Do too many small and medium-size enterprises (SMEs) believe that security is something only big firms need to worry about? In this interview, Colin Tankard, managing director of Digital Pathways, explains that, indeed, many firms believe themselves to be too small and uninteresting to attract the attention of hackers.
This is in spite of endless headlines about breaches and warning from industry and government bodies about the business impact of an attack, such as fines, mitigation costs and the inability to operate while systems are fixed.
When SMEs do express concern, it’s usually around regulatory and legal repercussions, not least as a result of the emergence of the EU’s new General Data Protection Regulation (GDPR), with which UK firms will have to comply even if the country leaves the EU. They seem less concerned at the prospect of theft of intellectual property (IP), reputational damage and many of the other direct and indirect consequences of a successful attack.
Much of this arises from the misconception that SMEs have nothing of value as far as an attacker is concerned.

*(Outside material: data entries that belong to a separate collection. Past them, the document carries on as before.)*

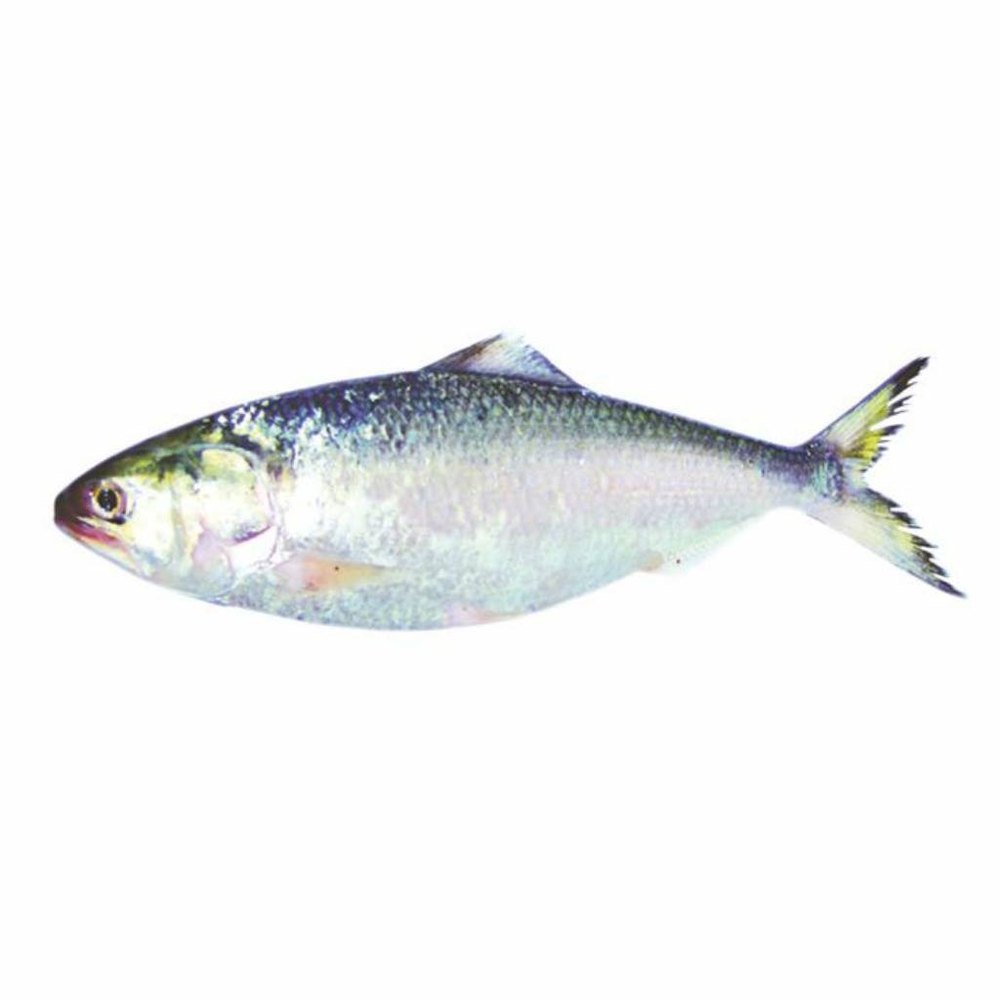 Hilsa Fish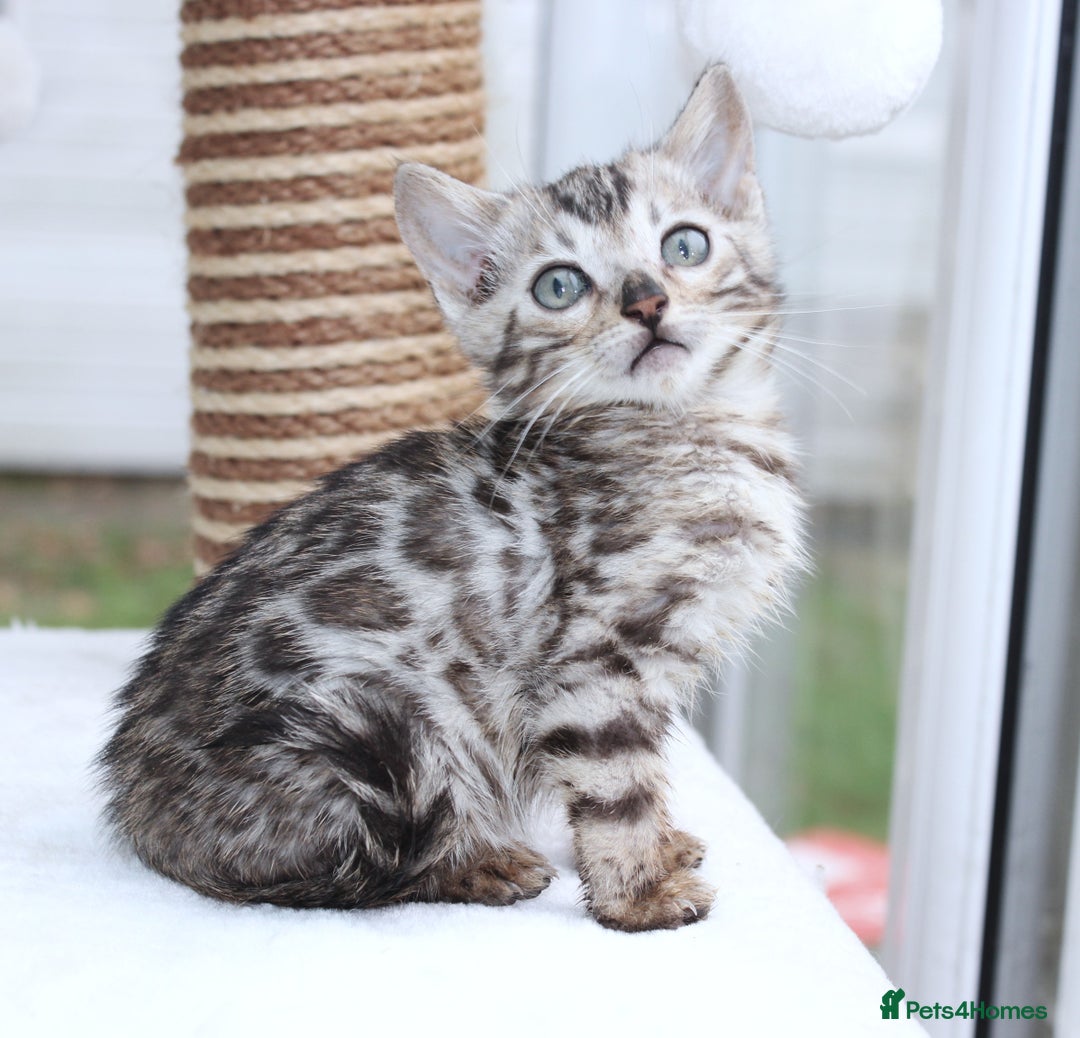 Bengal cats for sale: CUTE SILVER FEMALE BENGAL KITTEN (TICA)  - Advert 19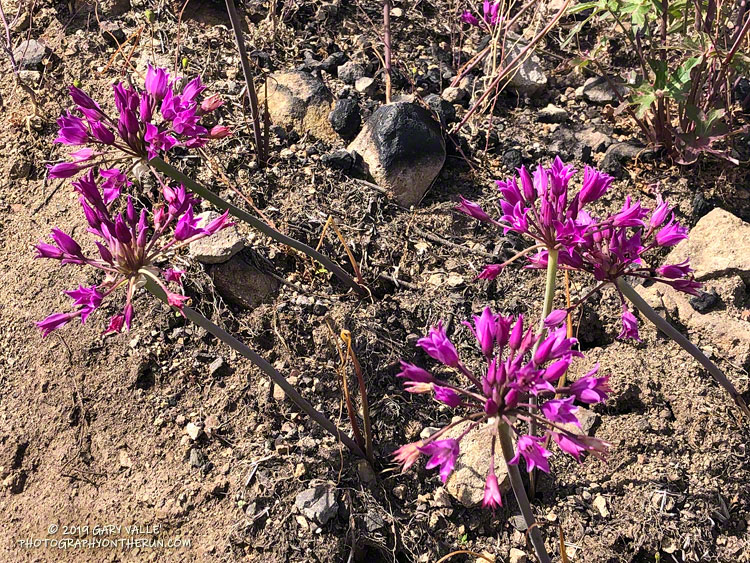 Peninsular onion (Allium peninsulare) on Sandstone Peak. There were increased numbers of this plant. May 18, 2019.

But, as Tankard points out, this is wrong on many counts. Even, one of the most valuable assets an SME might possess is its customer base: in today’s world of connected networks, a poorly guarded SME is often a stepping stone for an attacker looking for an entry point into the systems of larger companies. Often, hackers will hop from one small company to another, following the path of linked networks until they find an opening into a major organisation, effectively hiding where the attack is originating.

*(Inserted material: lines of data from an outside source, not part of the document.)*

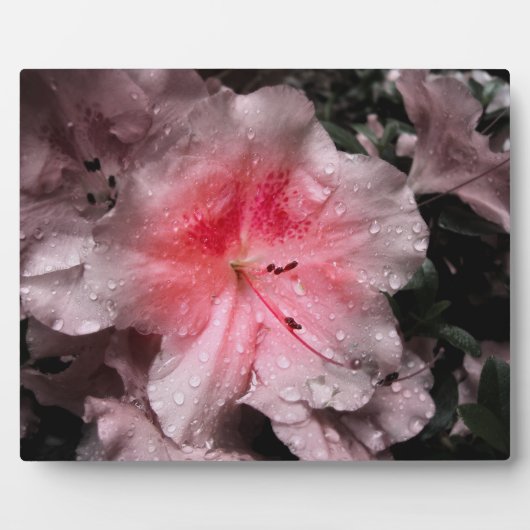 Binnenste gloed foto Plaque Fotoplaat (Voorkant)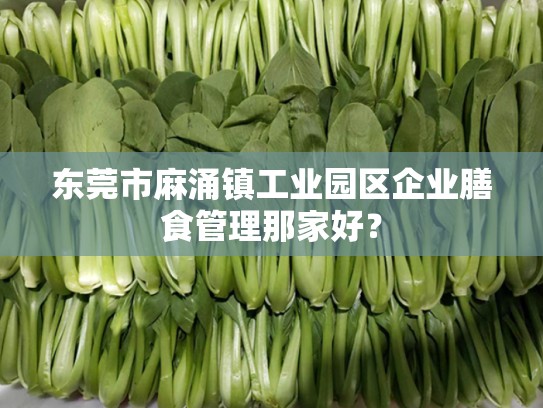 东莞市麻涌镇工业园区企业膳食管理那家好？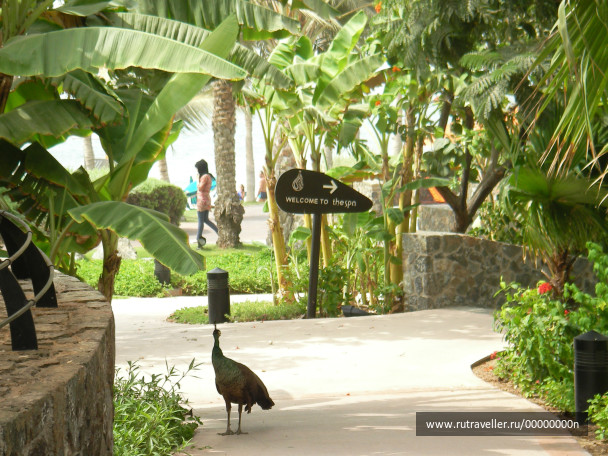 photo 473746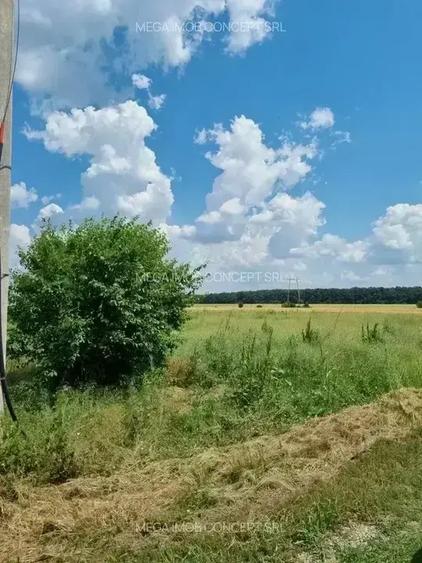 11 Loturi Teren Intravilan | 430 mp / lot | Acces Rapid A2 | Ideal Dezvoltare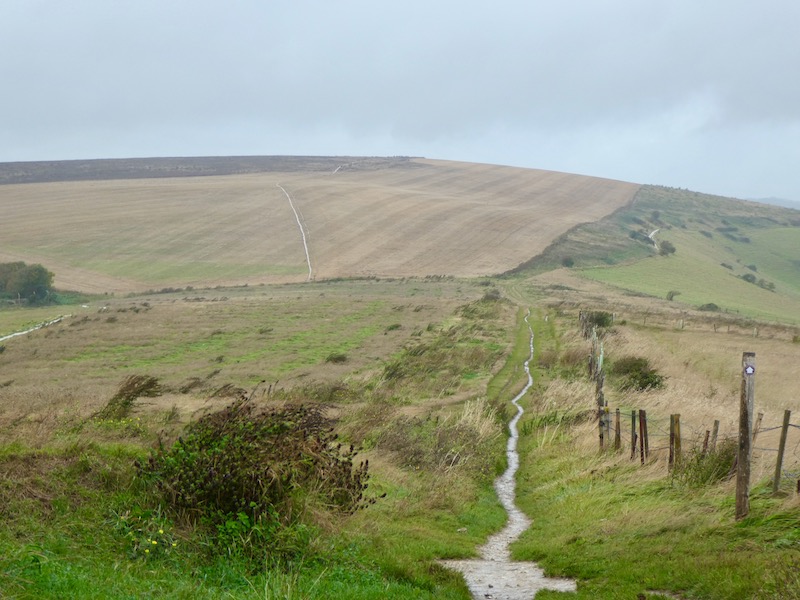 A Route Around Cissbury Ring, Botolphs and Steep Down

In addition to these targeted attacks, SMEs must also deal – like everyone else – with threats such as mass spam and phishing campaigns.
Often the attackers are happy to get into any organisation – they don’t care how big you are or what assets you have because they’re looking, for example, just to set up a proxy to exploit as a command and control server or as a relay point to hide their whereabouts.

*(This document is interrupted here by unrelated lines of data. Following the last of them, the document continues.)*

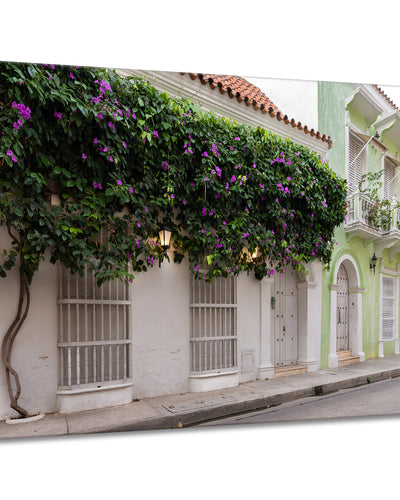 Provincial XIII' Wrapped Canvas Wall Art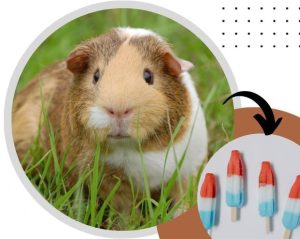 Can Guinea pigs eat popsicles?
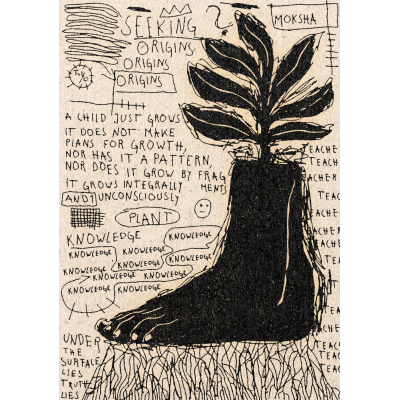 Lámina Conocimiento de plantas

When it comes to insider threats, smaller firms tend not to have the internal controls typically found in bigger organisations. Trust in employees is more common. And the insider threat doesn’t have to be about malicious activity – there’s a lot of damage that can be inflicted through accidents or a lack of security awareness. And that isn’t helped by SMEs skimping on security training – if they do it at all.
Even when SMEs understand that they need to do something about security, that ‘something’ often consists of installing free products that inadequate and aren’t fully understood or properly configured.
There is often an incorrect perception about the cost of doing information security properly and an underestimate of the costs of a breach.
Building up skills internally is going to be difficult. But Tankard says that there are tools SMEs can use to create a good baseline of security on which companies can build.
With firms, including SMEs, coming under an ever-greater compliance burden, organisations should perhaps be looking at combining their security and compliance activities into one combined effort, to get the greatest economies from security and also reap all the potential business benefits. For example, if you’re tendering to larger organisations, they want to see that you are complying with security standards.
There is help at hand, too. Tankard believes that the UK Government’s Cyber Essentials scheme is a great starting point.